In order for the customer to receive a personalised sustainability based goal we assess the number of products that have sustainability certifications across all shopping baskets over the past 52 weeks. We then compare this measure against all other customers to create a benchmark. If the customer is above the benchmark the goal is triggered and presented to the customer. The buy less red meat and buy more plant rich looks at the % of each across all shopping baskets over the last 52 weeks. We then compare this measure against all other customers to create a benchmark. If the customer is above the benchmark the goal is triggered and presented to the customer.

The Health Hub system can surface the following insights for each goal, tracking how the consumer’s food purchasing behaviour has altered:

Nutrition Goals: We calculate the relative difference in the amount of a nutrient per lOOg over 52 weeks and compare that to the recent 8 weeks to see the proportionate change. For example, I’ve gone from an average of 10 teaspoons of sugar per basket to 9, so reduced by 10%. We show the relative difference in the % of each food group over 52 weeks and compare that to the recent 8 weeks to see the proportionate change. For example, I was buying 20% of vegetables and now buying 25% so an increase of 25% but the target is 40%.

Sustainability Goals: We show the relative difference in the amount number of sustainable products over 52 weeks and compare that to the recent 8 weeks to see the proportionate change. For example, I was buying 8 sustainable products and now buying 10 per basket to an increase of 25%.

For all Goals, we show the number of shopping trips since the start of each goal and how the customer is trending over time. Using AI we assess the active goals for each customer and define proprietary customer segmentations and ML models to match the most relevance products against their shopping behaviour. Every recommendation needs to match product criteria using regulated category specific nutrient thresholds to ensure the products we suggest are better for the customer. We also nudge customers to purchase healthier and more sustainable products against the customers favourites, as they browse and also post shopping trip to further incentivise them.

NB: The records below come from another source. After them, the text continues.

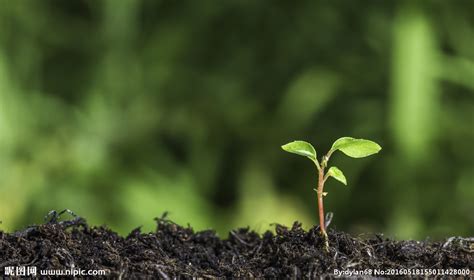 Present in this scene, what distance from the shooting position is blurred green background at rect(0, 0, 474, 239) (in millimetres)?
2914

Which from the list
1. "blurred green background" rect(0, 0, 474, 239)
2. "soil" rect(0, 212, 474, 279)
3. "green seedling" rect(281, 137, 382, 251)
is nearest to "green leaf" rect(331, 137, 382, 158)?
"green seedling" rect(281, 137, 382, 251)

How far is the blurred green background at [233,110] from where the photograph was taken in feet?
9.56

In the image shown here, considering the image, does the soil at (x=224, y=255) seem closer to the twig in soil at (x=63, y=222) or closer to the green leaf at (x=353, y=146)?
the twig in soil at (x=63, y=222)

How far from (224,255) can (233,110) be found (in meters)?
2.31

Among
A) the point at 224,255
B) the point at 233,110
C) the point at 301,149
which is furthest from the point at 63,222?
the point at 233,110

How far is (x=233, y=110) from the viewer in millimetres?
3346

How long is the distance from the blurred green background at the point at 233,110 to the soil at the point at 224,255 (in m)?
1.80

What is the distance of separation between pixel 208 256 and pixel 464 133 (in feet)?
7.20

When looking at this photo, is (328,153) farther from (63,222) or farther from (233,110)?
(233,110)

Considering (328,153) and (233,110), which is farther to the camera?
(233,110)

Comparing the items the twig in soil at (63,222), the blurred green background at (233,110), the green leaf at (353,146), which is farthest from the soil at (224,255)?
the blurred green background at (233,110)

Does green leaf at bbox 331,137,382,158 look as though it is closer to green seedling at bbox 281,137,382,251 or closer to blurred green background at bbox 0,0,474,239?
green seedling at bbox 281,137,382,251

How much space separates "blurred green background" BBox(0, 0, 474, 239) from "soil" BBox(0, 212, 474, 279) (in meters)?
1.80

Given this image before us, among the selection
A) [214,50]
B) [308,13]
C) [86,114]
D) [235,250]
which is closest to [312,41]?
[308,13] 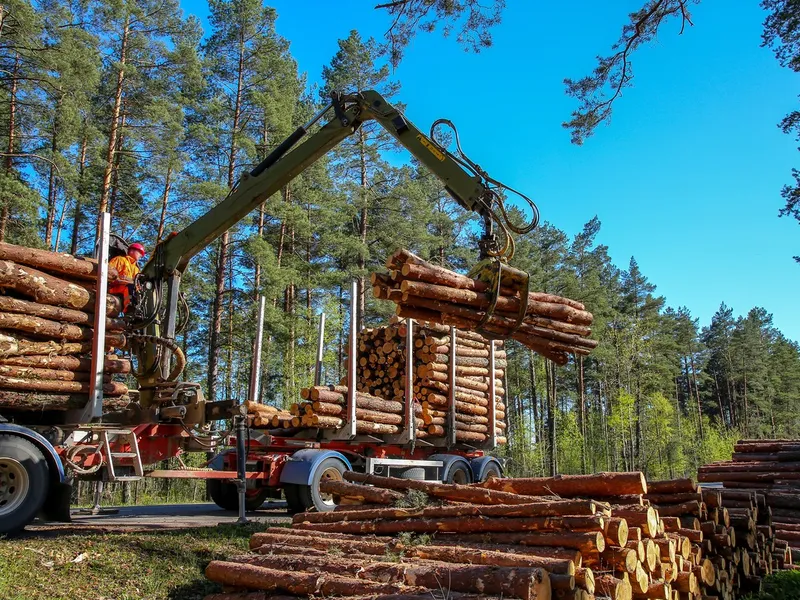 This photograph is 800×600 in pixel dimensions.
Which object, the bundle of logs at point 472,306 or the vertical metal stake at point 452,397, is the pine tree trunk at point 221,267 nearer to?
the vertical metal stake at point 452,397

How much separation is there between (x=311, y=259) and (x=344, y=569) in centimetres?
2900

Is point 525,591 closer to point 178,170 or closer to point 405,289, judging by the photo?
point 405,289

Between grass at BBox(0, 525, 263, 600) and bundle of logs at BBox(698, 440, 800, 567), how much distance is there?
6422 millimetres

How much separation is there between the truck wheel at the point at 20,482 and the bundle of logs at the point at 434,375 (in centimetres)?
709

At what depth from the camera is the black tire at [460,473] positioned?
499 inches

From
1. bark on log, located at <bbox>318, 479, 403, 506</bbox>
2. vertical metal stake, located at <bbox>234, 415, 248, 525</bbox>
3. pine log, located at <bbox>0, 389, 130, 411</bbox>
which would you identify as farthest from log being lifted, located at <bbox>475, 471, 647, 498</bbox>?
pine log, located at <bbox>0, 389, 130, 411</bbox>

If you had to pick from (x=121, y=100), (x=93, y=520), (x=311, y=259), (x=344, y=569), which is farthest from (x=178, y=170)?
(x=344, y=569)

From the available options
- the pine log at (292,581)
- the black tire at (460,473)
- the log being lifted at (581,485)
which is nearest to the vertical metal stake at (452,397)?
the black tire at (460,473)

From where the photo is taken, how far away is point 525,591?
3842mm

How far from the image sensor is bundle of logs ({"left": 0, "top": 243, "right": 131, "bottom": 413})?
728 centimetres

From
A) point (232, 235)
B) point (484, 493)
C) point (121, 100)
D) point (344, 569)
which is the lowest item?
point (344, 569)

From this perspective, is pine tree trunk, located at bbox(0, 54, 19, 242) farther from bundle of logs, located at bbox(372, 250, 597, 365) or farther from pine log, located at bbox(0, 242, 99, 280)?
bundle of logs, located at bbox(372, 250, 597, 365)

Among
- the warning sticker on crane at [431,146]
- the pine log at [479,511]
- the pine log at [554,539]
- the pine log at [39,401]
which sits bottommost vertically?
the pine log at [554,539]

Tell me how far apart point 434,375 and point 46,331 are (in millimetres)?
7694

To recap, there are several approaches to goal selection. The consumer can choose their own food Goals (e.g. “Buy less added sugar”; “Buy more vegetables” etc.) from a pick list displayed on the app/website; this list can be set by the retailer; trending goals (e.g. goals that are proving very popular at the moment) can be flagged or prioritised.

Alternatively, as explained in detail above, the Health Hub back end system can automatically suggest appropriate goals by analysing that consumer’s previous shopping baskets with that retailer, comparing various parameters (e.g. sugar content) to average shopping baskets or accepted benchmark levels, and where the consumer’s historic shopping baskets indicate that they would benefit in health terms from some modification to their normal purchasing behaviour, the system can automatically propose that as a goal. For example, where a consumer purchases an above average (or above nutritionally accepted guidelines) amount of sugar, then the system can automatically ask the consumer if a goal to consider might be to ‘Buy less sugar’. The system can use nudge techniques, such as stating that ’41,122 consumers are currently using this goal’ or similar, to make that goal more appealing. If the consumer agrees with that suggestion, the system will automatically propose reduced sugar equivalents of the consumer’s normal purchases.

During online shopping, the system may proactively propose other, different food items which, through its machine-learning based tracking of potentially hundreds of thousands of other consumers food shopping habits, the system considers will be enjoyed and repeat purchased by the consumer and will help the consumer meet their goals. The consumer can also simply manually filter food products to meet the goal or goals.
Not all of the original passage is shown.